If the offline path of the table is a soft link, OpenMLDB doesn’t support appending data to the table as it doesn’t have write access to the files in the soft link path. You can overwrire the offline path of the table. If the path has been overwritten, the data in the original directory will not be removed, only the directory in the OpenMLDB will change.

2 Online Import#

The online modes of OpenMLDB cluster version provide online storage engine (stored in memory).
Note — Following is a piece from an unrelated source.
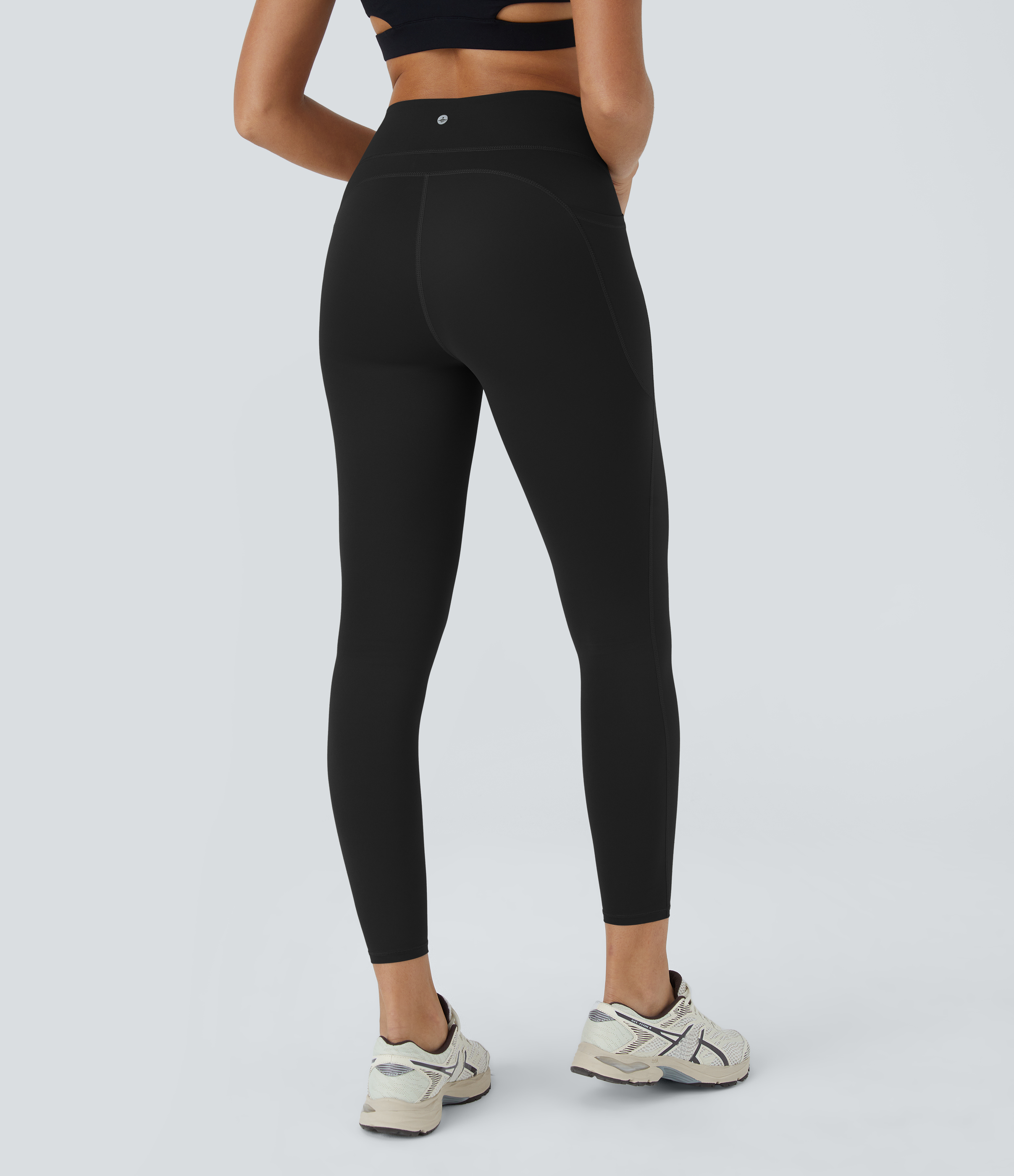 Halara UltraSculptв„ў High Waisted Side Pocket Training 7/8 Leggings  - Black - M gym leggings leggings with pockets leggings with butt lift 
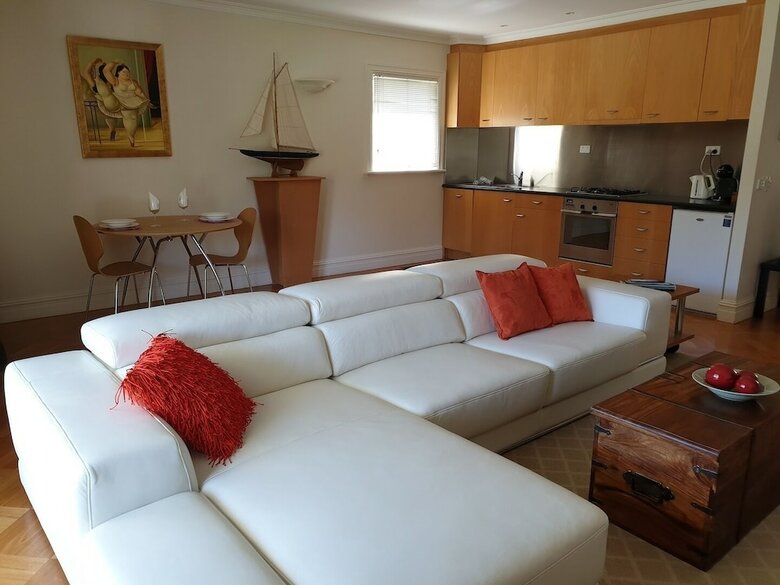 Apartamentos Lakeside Suites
Only hard copy can be used in online import.

2.1 LOAD DATA#

LOAD DATA command can be used in Online Request and Online Preview mode to load csv files and parquet files.

2.2 Stream#

Data can be loaded from Pulsar, Kafka and RocketMQ as well, see the following links for detail.

Note#

The openmldb-import tool can be used for bulk load, importing the data quickly into the standalone or the online storage of cluster version.

The bulk load tool is still in development. There are some restrictions for usage:

  1. Only csv files can be loaded.

  2. The tool is supported only on a single machine. The requirement for the memory of the single machine is high and maybe the memory should be larger than the size of the data to be imported.